Роза проснулась от громкого разговора и по-детски, в ночной рубашке, ворвалась в гостиную.
– Что здесь происходит? – спросила она, широко распахнув двери.
Голос ее прозвучал твердо, громко и совсем не по-детски. Да и сама она возникла в дверном проеме просторной комнаты, не похожая на ребенка. Перед сидящими в гостиной появилась женщина, властная и сильная. Женщина той самой породы, при виде которых мужчины теряют голову. Распущенные длинные волосы и полупрозрачная ночная рубашка делали ее совсем взрослой. Как в дымке сквозь легкую кружевную ткань просвечивалось нежное молодое тело. Все это, как колдовство, парализовало мужчин, находящихся в комнате. Семятин, уже немолодой лысенький толстячок, не договорив фразу, замер с открытым ртом. Пристав, не заметив, как с его носа свалилось пенсне, бессильно рухнул в кресло. Каренин почувствовал себя неловко.
– Пойди… Пойди в спальню, дочка… Накинь на себя что-нибудь! – опустив голову, попросил растерянный отец.
Роза захлопнула двери и прижалась ухом к замочной скважине.
– Какая, однако, она… – начал ростовщик. – Не ожидал, не ожидал! Этакая мордашка, прямо-таки вылитая… – еще не отойдя от шока, замешкался, подбирая слово.
– Принцесса… – протянул в забытье пристав.
– Вот именно! Настоящая принцесса! – подхватил ростовщик. – Да уж, ничего не скажешь… Хороша! – задумался. – Хороша-хороша, чертовка! – уже по-другому, скороговоркой произнес ростовщик, видимо, пришел в себя и что-то задумал.
– Господь с вами!

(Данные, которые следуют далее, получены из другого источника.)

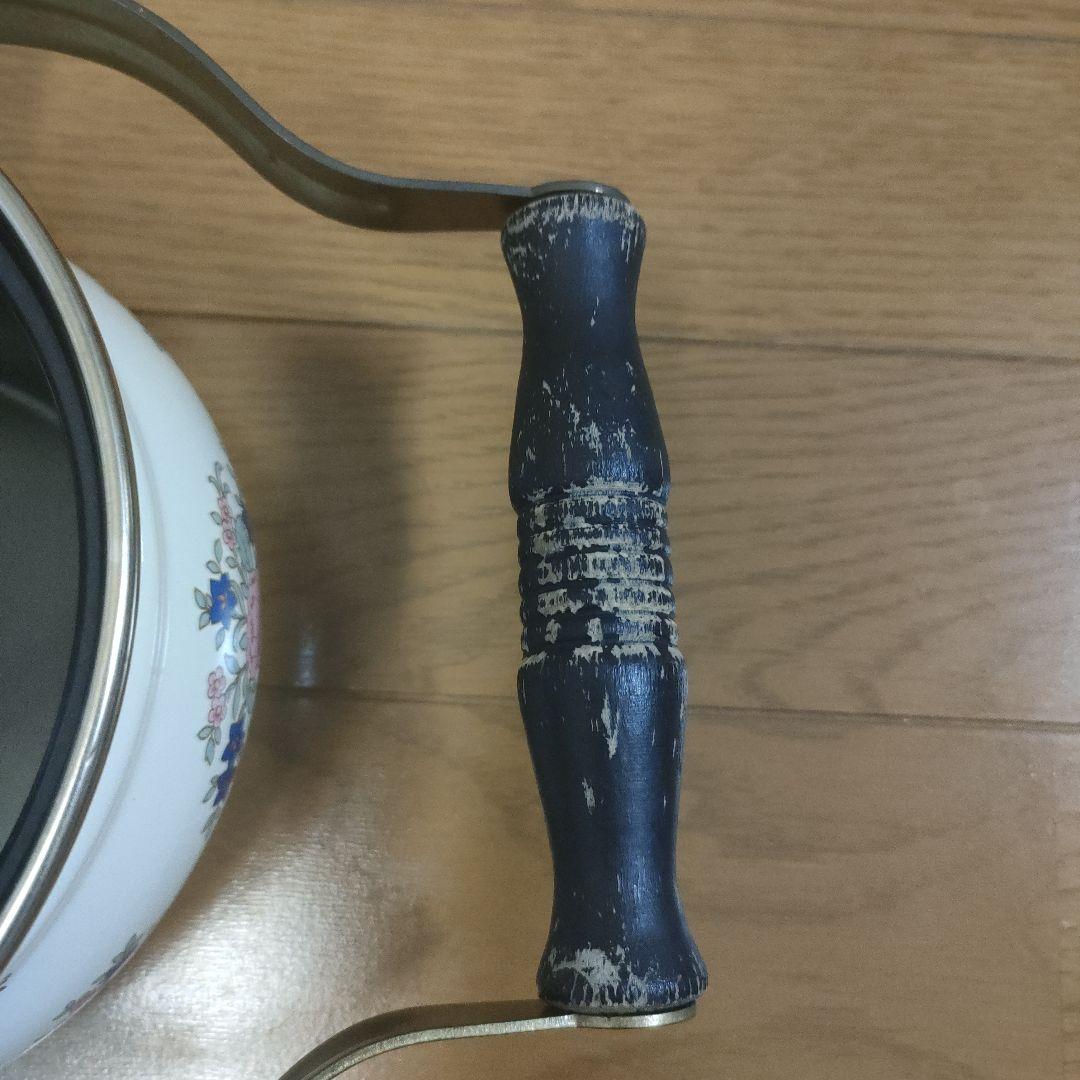 値下げ！！ASTA アンティークケトル　レトロケトル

Она еще ребенок! – вмешался аптекарь, явно желая поменять тему.
– Ну, какой же это вам ребенок, дружище! – возмутился ростовщик. – У нее все… – обозначил жестами женскую грудь, – этакая у нее… я бы сказал… – снова потерял дар речи.
– Женственный стан! – подсказал пристав.
– Вот-вот! Стан… Именно, стан! И вся она, так сказать, хороша собой! Просто… Как бы это выразиться?
– Невеста! – снова подсказал пристав.
– Именно это я и хотел сказать! Невеста!
– Только вот приданого за ней никакого не будет… Все опишут! – цепляя на нос пенсне, ехидно заметил пристав.
– А ты, голубчик, пожалуй, иди! Здесь ты, видно, нам больше не понадобишься! – обратился Игнат Игнатьевич к приставу. – Да-да, любезный друг, пожалуй, иди-иди… Погуляй пока… Мы тут по-свойски, глядишь, миром и договоримся. Поди, не один год знаемся? А? – улыбаясь, подмигивая одним глазом, посмотрел на аптекаря ростовщик.
Оставшись наедине с Карениным, ростовщик, сгорая от нетерпения, предложил обменять все долги на дочь. Дикость и простота сделки были так неожиданны, что аптекарь не сразу понял, о чем речь. Зато Роза за дверью поняла – и еле сдержалась, чтобы не рассмеяться. А вот отец, когда, наконец, оценил замысел сделки, сдерживать себя не захотел. Он еще продолжал хохотать, когда ростовщик на улице садился в коляску.
Люди все разные, но те, кто помешан на деньгах, в одном не отличаются друг от друга, в какие бы века они ни жили. Все они поклоняются одному идолу, и выше этого ничего не признают.
«Если девка будет моей – можно будет долги простить, деньги все равно не мои! А если этот глупец не отдаст мне красотку, вместо нее имущество заберу! По миру пущу обоих! Будут меня помнить! Одно из двух в любом случае будет моим!» – рассуждал получивший отказ ростовщик.